Sex workers protest in Chicago changes in French laws

By Jean Lotus Staff Reporter

 

Sex workers returned to downtown Chicago to protest in front the French Consulate. (Photo by Jean Lotus/Chronicle Media)

Sex workers returned to downtown Chicago to protest in front the French Consulate. (Photo by Jean Lotus/Chronicle Media)

Sex workers returned April 29 to protest in downtown Chicago, this time in front of the North Michigan Avenue building that houses the French Consulate.

The group of around 12 women and men carrying signs said French laws, passed in April, were undermining the safety and economic security of French sex-worker’s union by fining “johns.”

“Sex work has been decriminalized in France,” said Spokeswoman Erica Friscioni. But she said punishing people who pay goods or money for sexual services was in fact criminalizing sex workers and “hindering their ability to support themselves.”

“If we were able to unionize and not be criminalized, we wouldn’t have to live in the shadows, and we could use our real names and not be ashamed and stigmatized in front of our families,” Friscioni said.

Brit Schulte acknowledged European attitudes about sex were different than Americans’.

“I know culture plays a role and U.S. society in particular is kind of prudish,” she said.
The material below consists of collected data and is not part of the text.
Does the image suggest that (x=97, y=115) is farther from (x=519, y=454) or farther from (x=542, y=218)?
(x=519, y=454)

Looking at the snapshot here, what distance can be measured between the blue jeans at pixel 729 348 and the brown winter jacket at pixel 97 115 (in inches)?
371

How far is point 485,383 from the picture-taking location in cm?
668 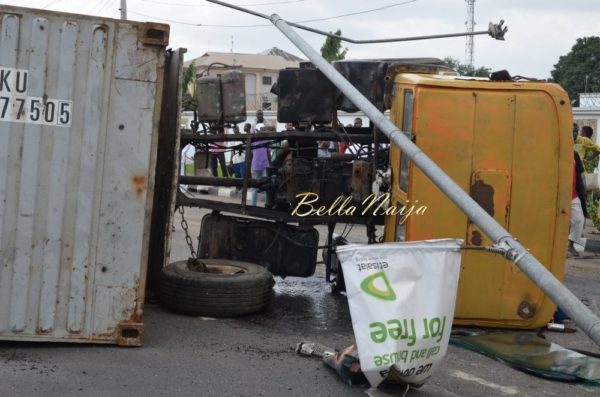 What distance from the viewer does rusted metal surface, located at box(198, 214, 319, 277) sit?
7.95 m

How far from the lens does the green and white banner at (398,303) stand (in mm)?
4578

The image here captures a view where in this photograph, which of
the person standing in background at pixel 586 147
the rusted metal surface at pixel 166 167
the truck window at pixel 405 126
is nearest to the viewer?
the truck window at pixel 405 126

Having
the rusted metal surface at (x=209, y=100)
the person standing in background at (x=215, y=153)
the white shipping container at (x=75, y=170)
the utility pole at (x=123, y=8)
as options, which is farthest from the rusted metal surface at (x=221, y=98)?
the utility pole at (x=123, y=8)

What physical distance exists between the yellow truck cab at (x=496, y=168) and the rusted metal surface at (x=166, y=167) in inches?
78.0

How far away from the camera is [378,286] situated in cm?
462

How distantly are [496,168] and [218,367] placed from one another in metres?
2.83

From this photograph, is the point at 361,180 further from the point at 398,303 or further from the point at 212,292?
the point at 398,303

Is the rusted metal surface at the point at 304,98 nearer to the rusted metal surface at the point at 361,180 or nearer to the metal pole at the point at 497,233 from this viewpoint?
the rusted metal surface at the point at 361,180

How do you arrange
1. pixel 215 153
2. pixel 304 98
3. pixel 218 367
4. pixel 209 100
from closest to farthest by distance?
pixel 218 367
pixel 304 98
pixel 209 100
pixel 215 153

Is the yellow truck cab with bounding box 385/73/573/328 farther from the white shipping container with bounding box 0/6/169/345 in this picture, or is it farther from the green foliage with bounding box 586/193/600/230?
the green foliage with bounding box 586/193/600/230

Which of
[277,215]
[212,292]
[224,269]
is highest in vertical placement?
[277,215]

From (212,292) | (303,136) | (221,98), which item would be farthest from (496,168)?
(221,98)

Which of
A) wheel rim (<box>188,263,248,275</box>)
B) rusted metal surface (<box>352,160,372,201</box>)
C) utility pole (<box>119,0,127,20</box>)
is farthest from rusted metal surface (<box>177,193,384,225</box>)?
utility pole (<box>119,0,127,20</box>)

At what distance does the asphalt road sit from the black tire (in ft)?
0.31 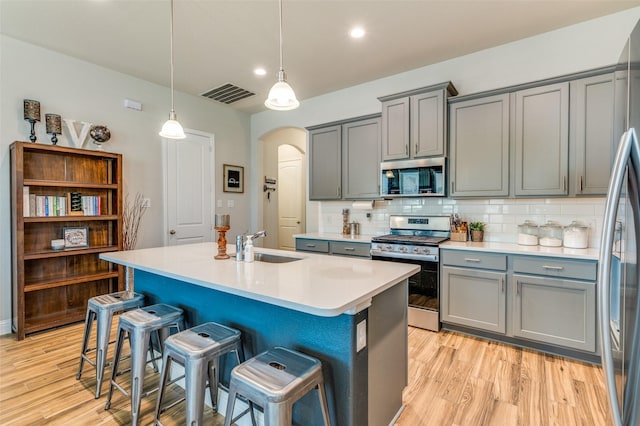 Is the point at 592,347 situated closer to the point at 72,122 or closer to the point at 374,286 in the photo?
the point at 374,286

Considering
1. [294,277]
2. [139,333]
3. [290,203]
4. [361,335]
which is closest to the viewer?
[361,335]

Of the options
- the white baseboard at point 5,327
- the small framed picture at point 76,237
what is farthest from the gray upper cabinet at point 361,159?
the white baseboard at point 5,327

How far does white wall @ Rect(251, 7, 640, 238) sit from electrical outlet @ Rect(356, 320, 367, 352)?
2452 millimetres

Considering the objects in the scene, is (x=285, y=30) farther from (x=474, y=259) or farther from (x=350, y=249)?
(x=474, y=259)

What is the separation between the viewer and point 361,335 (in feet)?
4.75

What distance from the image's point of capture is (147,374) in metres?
2.34

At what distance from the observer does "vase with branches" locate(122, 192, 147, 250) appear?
379 centimetres

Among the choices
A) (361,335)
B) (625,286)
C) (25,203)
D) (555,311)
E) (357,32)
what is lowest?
(555,311)

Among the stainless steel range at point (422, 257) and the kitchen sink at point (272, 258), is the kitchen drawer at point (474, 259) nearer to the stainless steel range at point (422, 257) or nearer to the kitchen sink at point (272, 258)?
the stainless steel range at point (422, 257)

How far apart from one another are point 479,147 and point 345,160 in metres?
1.60

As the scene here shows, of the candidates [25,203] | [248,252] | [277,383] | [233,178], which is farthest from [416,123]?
[25,203]

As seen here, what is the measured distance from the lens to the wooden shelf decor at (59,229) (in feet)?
9.69

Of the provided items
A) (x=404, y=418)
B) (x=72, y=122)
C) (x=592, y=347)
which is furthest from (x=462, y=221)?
(x=72, y=122)

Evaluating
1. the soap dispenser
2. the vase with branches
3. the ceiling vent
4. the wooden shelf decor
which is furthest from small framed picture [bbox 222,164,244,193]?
the soap dispenser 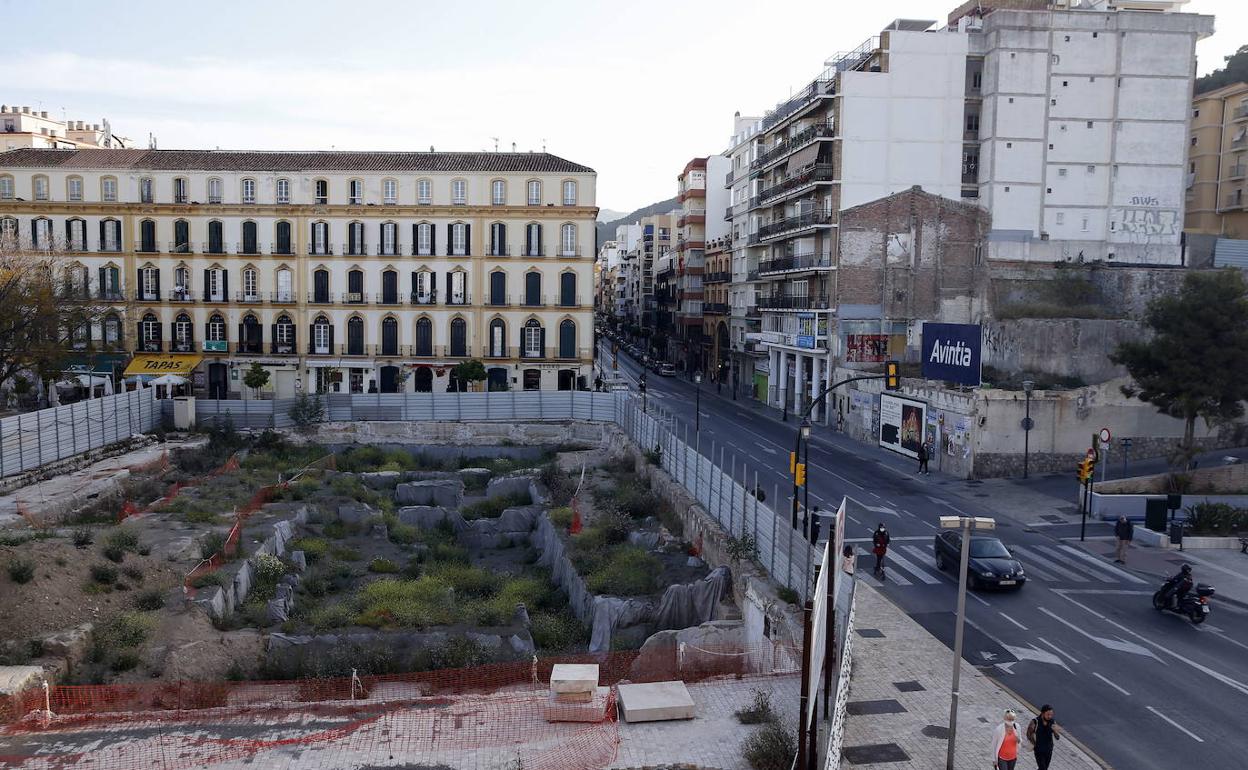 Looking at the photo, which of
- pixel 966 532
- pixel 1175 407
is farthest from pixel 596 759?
pixel 1175 407

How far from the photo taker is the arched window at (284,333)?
60812 mm

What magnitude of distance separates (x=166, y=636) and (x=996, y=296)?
47.5 m

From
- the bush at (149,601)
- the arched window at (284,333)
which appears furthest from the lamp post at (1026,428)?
the arched window at (284,333)

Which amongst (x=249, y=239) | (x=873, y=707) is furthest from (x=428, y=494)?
(x=249, y=239)

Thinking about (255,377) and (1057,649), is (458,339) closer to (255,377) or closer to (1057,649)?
(255,377)

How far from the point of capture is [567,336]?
60.2 metres

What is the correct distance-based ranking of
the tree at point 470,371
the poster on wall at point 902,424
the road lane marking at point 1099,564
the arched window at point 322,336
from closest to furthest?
the road lane marking at point 1099,564 → the poster on wall at point 902,424 → the tree at point 470,371 → the arched window at point 322,336

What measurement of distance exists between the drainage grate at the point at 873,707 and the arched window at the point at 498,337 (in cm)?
4606

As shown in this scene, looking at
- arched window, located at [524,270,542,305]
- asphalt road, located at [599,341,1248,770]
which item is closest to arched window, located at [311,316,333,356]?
arched window, located at [524,270,542,305]

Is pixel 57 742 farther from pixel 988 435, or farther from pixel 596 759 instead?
pixel 988 435

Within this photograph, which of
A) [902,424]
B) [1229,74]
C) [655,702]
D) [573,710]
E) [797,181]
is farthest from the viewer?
[1229,74]

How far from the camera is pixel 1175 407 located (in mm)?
33719

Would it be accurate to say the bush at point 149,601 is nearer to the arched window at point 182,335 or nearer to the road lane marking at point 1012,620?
the road lane marking at point 1012,620

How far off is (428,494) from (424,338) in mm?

But she insisted that a sex-worker union would improve protection from “bad situations that happen.”

The group referred to the case of prostitute Alisha Walker, who was convicted of second-degree murder in the Orland Park stabbing death of a high school teacher during a dispute over money and safe sex, prosecutors said.

“That’s why sex workers need a union. It’s harder to demand safe practices,” Schulte said.

They asserted that minority and transgendered sex workers were treated most unfairly by the legal system.

Members of the group complained that Cook County Sheriff Tom Dart’s legal battles with the adult website Backpage.com were harming their livelihood, which had depended on online advertising.

Dart persuaded major credit card companies Visa and Mastercard to stop allowing transactions on the adult website, claiming it encouraged sex trafficking of women.

But sex workers insisted that trafficking was a separate issue.

“Trafficking is a horrible, disgusting phenomenon,” Friscioni said. She asserted that more “agricultural and hospitality workers” were trafficked.

But Friscioni and others said when online advertising dries up, sex workers are forced into the streets, which can be much more dangerous.

“I know he’s on some high-level mission to save women,” said one participant. “But we don’t need exit programs with cookies and punch in a waiting room where you watch videos.”

“Busting sex workers and throwing us into a cage does nothing to stop trafficking,” said Catheryn Berarovich.

A male sex worker, who asked to be anonymous, said the criminalization of sex work made it harder to get a job or find housing with a sexually related conviction.

People doing “survival sex work” on the streets or for very low prices were often the ones targeted for stings, said Berarovich.

“I’ve done survival sex work, although I’ve never worked the streets, and it was a way to get out of a bad place.”

 

The protesters described how Dart’s lawsuits disrupted an “off-the-books” business model that allowed consenting adults to make an agreement to exchange money for sexual gratification.

“Now I have to pay for ads (on Backpage) with [cybercurrency] bitcoin, which changes value every week,” said Friscioni.

They also said the online network helped them communicate with their colleagues about dangerous johns and people to look out for.

Protesters said they wanted to assert their right to support themselves with sex work and demanded autonomy over how they used their bodies.

“It’s not a job I love all the time,” said Berarovich. “No one loves their jobs all the time. But it’s a way to make a living wage and support myself.”